The implementation of this regulation is expected to create major changes in the refining market. One of the most anticipated changes is that the complex and flexible refineries in the Middle East may flourish and make better profit margins. The implementation of the decision gives refiners an opportunity to position themselves on the profitable side of a major shift taking place in the market.For example, ADNOC is well-positioned to benefit from the IMO 2020 sulphur regulations, as the company has complex refining facilities that can process cheaper heavy crude, while maximising output of distillates.
It is worth mentioning here the statement of Abdulaziz Abdulla Alhajri, director, Downstream Directorate, ADNOC, during an interview given to Refining & Petrochemicals Middle East in October 2018: “The Carbon Black and Delayed Coker Project announced in Q3-2018 will strengthen our ability to market and sell marine fuels, following the International Marine Organization’s decision to reduce the sulphur content in marine fuels to 0.5% by 2020. Our CFP (Crude Flexibility Project) will be able to process heavy crude to produce high-value products. ADNOC will produce zero sulphur content bunker fuels by 2020.”On the other hand, it is a fact that all the refineries in the Middle East are not complex. The IMO regulation will have a negative impact on the profits of refineries producing high sulphur fuel oil (HSFO) as its price will definitely drop since it is non-compliant with the IMO sulphur cap. There are many refineries with high HSFO production and low desulphurisation capacity in the Middle East. These refineries will clearly suffer in margins because of the IMO regulation.

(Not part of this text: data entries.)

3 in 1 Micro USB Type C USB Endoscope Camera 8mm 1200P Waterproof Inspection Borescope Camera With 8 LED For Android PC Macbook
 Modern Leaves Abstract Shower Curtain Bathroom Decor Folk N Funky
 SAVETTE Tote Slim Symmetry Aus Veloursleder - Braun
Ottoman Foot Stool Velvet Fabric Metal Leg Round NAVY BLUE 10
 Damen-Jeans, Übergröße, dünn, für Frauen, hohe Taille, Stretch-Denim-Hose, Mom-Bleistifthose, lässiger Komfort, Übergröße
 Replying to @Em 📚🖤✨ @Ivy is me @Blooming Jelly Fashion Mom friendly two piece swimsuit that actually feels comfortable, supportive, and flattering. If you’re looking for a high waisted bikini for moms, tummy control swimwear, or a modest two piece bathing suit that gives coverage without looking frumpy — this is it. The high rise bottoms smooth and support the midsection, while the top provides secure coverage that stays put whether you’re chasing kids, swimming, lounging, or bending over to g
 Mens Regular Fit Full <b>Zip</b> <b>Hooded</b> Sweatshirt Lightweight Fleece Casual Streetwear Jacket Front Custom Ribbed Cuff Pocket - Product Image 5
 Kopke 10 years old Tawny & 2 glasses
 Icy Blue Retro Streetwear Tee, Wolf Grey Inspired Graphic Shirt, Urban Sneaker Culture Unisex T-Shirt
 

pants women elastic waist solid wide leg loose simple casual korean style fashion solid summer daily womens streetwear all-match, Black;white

The IMO regulation forces a significant investment on refiners. By integrating deep conversion processes into their asset configuration, refiners are adopting the most suitable strategies to minimise high HSFO production. As a result, the IMO sulphur cap is going to trigger major investments into the refining business.
As forecasted by many experts, the period from 2020 to 2025 is likely to witness some turbulence with potential volatility in terms of margins for refiners.